Tag Archives: query review

Proactive MySQL: Query Reviews (part 1, overview)

One task that can really help reduce future problems is to do a periodic query review. I’ve been using pt-query-digest to do this since 2010 (back when it was part of Ma’atkit, mk-query-digest!), and while I have presented the idea several times at conferences, I have never blogged about it.

I am going to share a secret with you – I blog not just to share information with YOU, but to share information with ME. Future me. This comes up because I am working on a query review at Salesforce.com for one of our busiest shards. I went to go look up a blog post on using pt-query-digest, because it’s a handy cheat sheet….and….I never did it. So, here goes!

This is the first blog post in what will be a series of blog posts, because it is a long topic and there are a few tools that can be used these days for analysis.

What is a query review?
At its simplest, it’s a review of queries. In this context, a query review is where you proactively review the performance of ALL successful queries sent to a server.

Why should you do a query review?
A query review can find possibly problematic queries BEFORE they are a problem. As an example, you can easily find queries that do not use an index, and make indexes before the tables become so large that they have problems.

Another example is the case when you have a query that does the same thing over and over, many times per second – for example, a query that counts the sessions table every time a user hits the page, to say “x people online now”. That query could be rewritten to not do a count every time – maybe do a count once every minute or 5 minutes and put inside a “user count” table, and then each page hit queries that table.
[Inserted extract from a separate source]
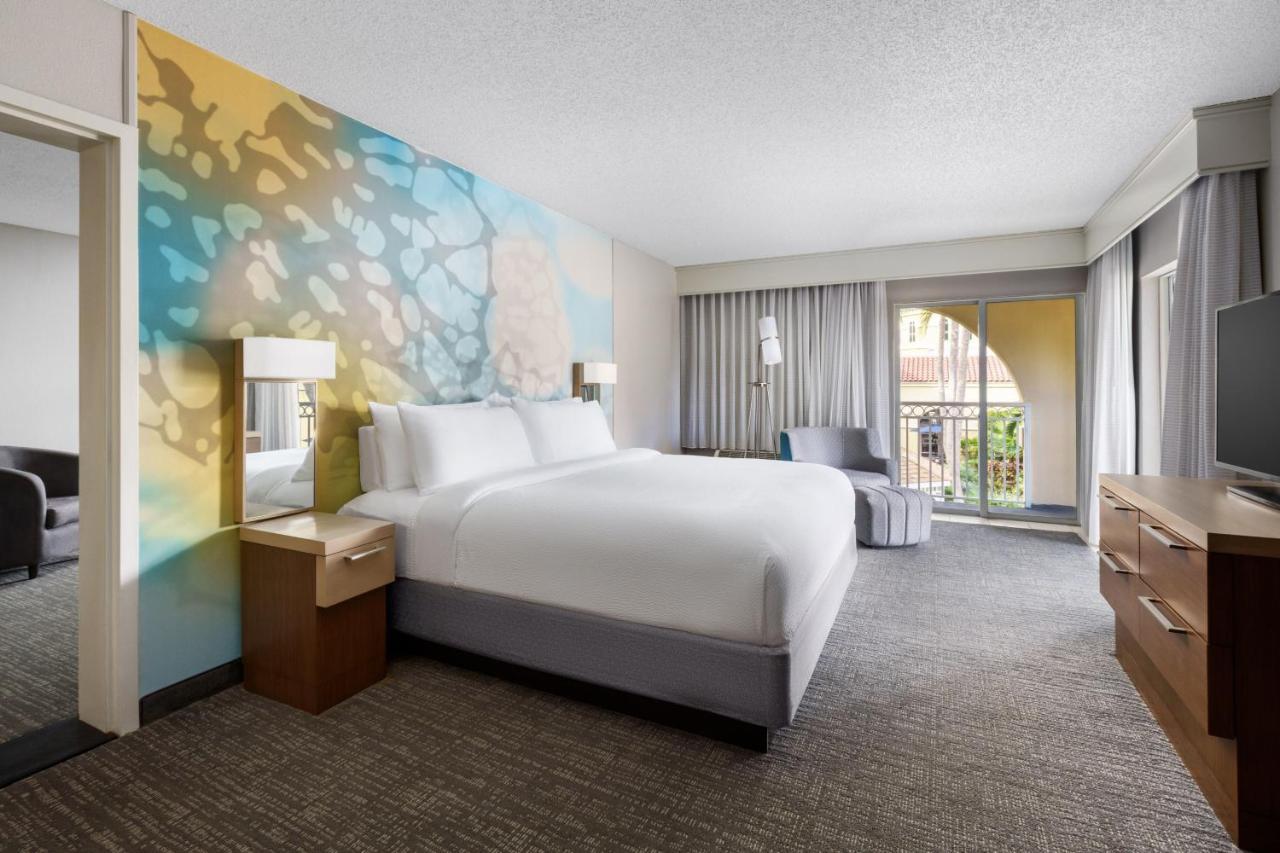 Courtyard By Marriott Fort Lauderdale North/Cypress Creek Hotel Eksteriør billede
Or use an intermediate cache.

Another reason to do a query review is that sometimes a sample query is difficult to find.

Who should do a query review?
A query review is not for a junior DBA. You need to have some knowledge of how to optimize queries, how indexing works, when an index is valuable, and when an index is necessary. For example, a query not using an index on a text field in the “countries” table is much better than a query not using an index on an integer in the “customer” table, because countries won’t grow to be huge but hopefully your customers table will.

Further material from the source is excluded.